Algunos analistas temen una repetición de los disturbios de los años 2007 y 2008, protagonizados por masas hambrientas en más de treinta países. Otros plantean un escenario más preocupante: una repetición de la crisis alimentaria de mediados de los años setenta, con todo y sus desastrosas repercusiones sociales. En Colombia, como lo señalan las investigaciones pioneras de Adolfo Meisel, los nacidos en la primera mitad de los años setenta, en medio de la crisis alimentaria, miden en promedio casi un centímetro menos que los nacidos algunos años antes o después. La crisis en ciernes podría tener consecuencias desastrosas. Y permanentes.

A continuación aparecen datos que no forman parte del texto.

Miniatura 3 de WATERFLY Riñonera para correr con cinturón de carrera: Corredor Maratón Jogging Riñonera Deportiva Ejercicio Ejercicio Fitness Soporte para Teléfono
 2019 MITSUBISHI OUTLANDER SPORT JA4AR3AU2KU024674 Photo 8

La discusión doméstica se ha centrado en un asunto específico, casi secundario: el incremento en el salario mínimo en un contexto de inflación creciente. Como corresponde a nuestra tradición santanderista, la discusión se ha planteado en términos jurídicos, ha girado en torno a la constitucionalidad del incremento en el salario mínimo decretado por el gobierno a finales del año anterior. Pero el tema, sobra decirlo, va mucho más allá. El reajuste del salario mínimo, anunciado el viernes por el Presidente Santos, es poco más que un paliativo populista, nada contribuirá a mitigar la disminución de los ingresos reales de los trabajadores informales y por ende a aliviar el predecible aumento en la indigencia y la pobreza.

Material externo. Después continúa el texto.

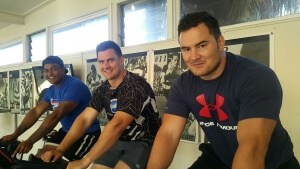 From left, Jorian Tangaere, Jason Long and Jarvy Aoake clock up the kilometres in the Magpies gym.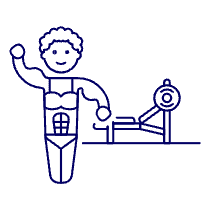 Training Bodybuilder 10 Illustration from UX Line Set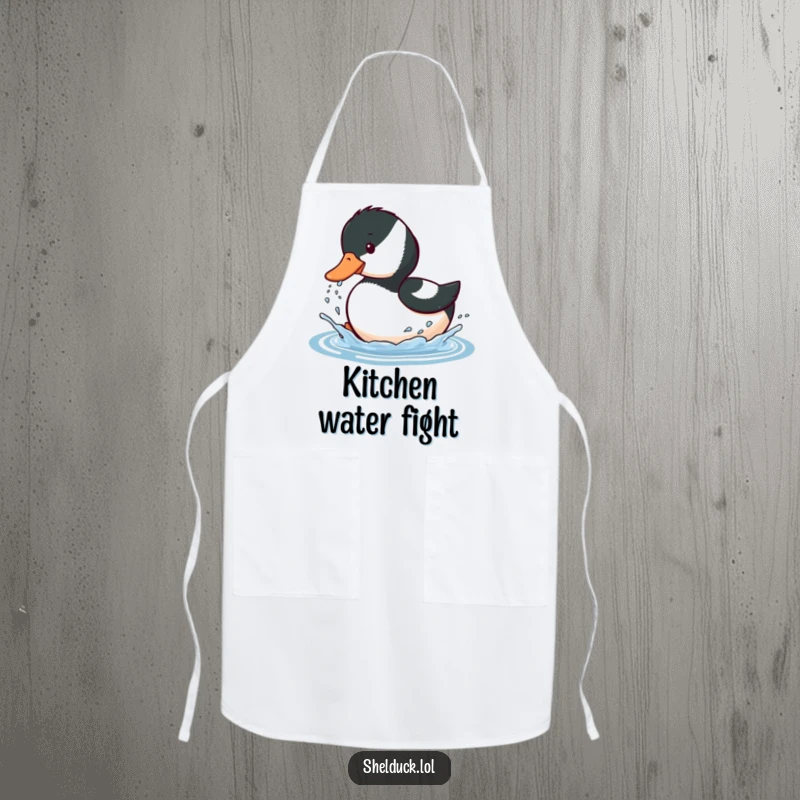 Funny apron featuring a shelduck bird playfully splashing water with its beak, adding a touch of aquatic humor to cooking.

Si el gobierno fuera serio en sus intenciones, debería estar discutiendo, simultáneamente al reajuste del salario mínimo, un aumento de los subsidios monetarios de Familias en Acción, una disminución de los aranceles agrícolas y una expansión de los programas de nutrición. El aumento en el precio de los alimentos afecta a decenas de millones de personas y podría tener, ya lo vimos, efectos permanentes. Por desgracia la única respuesta del gobierno ha sido, al menos hasta ahora, una propuesta irrelevante, simbólica. En últimas, las medidas simbólicas son eso, gestos que buscan efectos políticos, no consecuencias reales.